REQUIRED WORK
Please write out exactly the lines of the data below from the line holding "Oscar de la" through the line holding "vidaXL Fauteuil relax électrique tissu taupe", and leave out the rest.

DATA FOR THE TASK
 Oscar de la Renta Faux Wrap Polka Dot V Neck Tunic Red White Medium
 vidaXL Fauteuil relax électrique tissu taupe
* * *
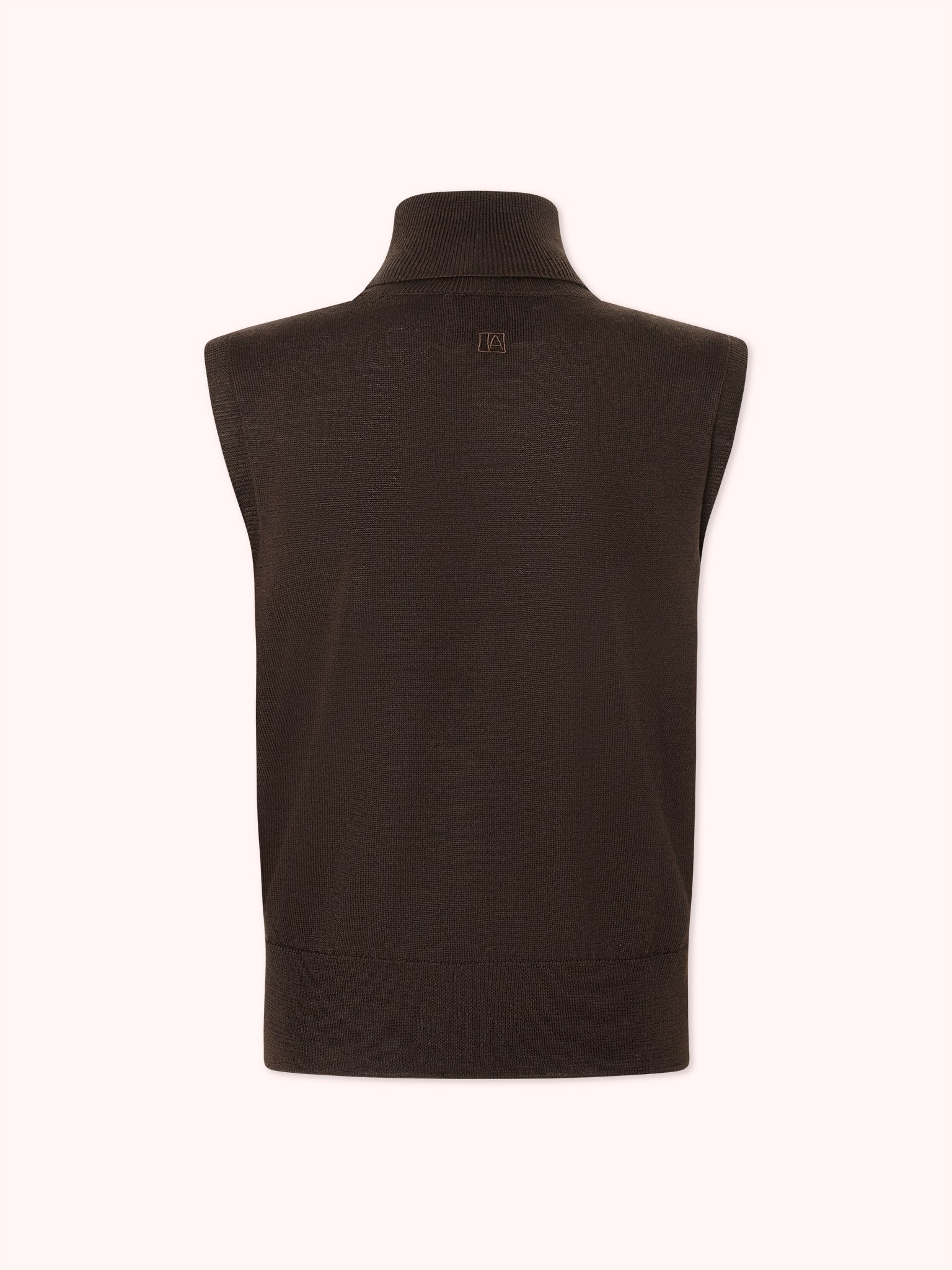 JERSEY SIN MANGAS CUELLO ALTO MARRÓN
* * *
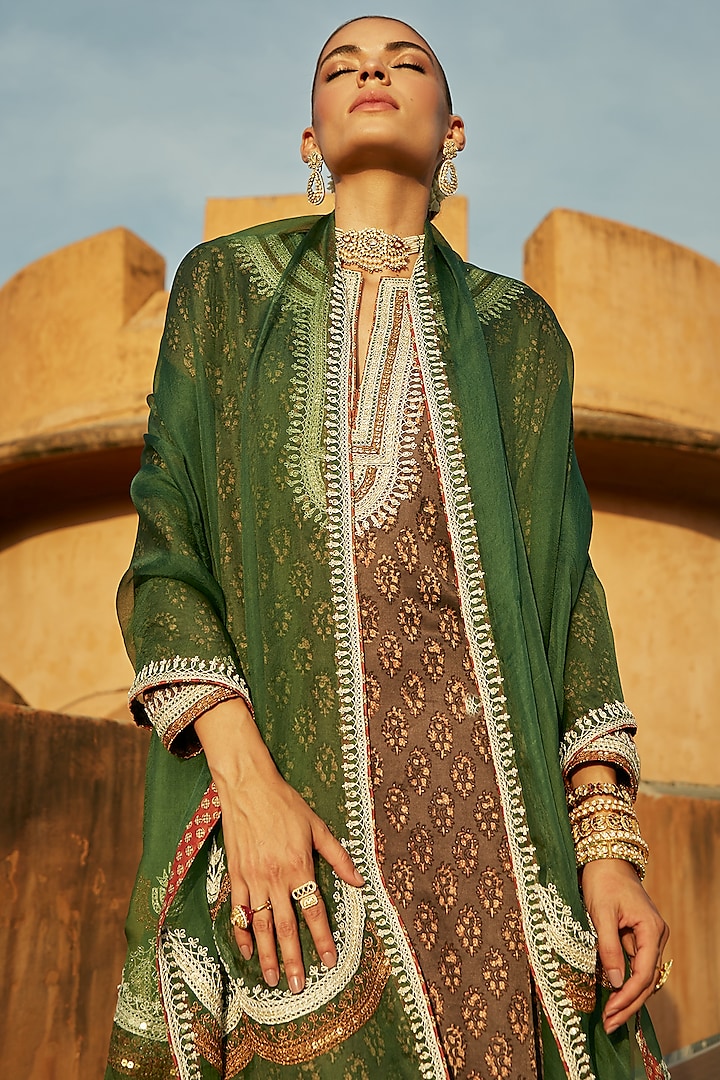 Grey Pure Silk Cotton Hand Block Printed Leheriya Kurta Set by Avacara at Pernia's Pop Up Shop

RESPONSE AREA
 Oscar de la Renta Faux Wrap Polka Dot V Neck Tunic Red White Medium
 vidaXL Fauteuil relax électrique tissu taupe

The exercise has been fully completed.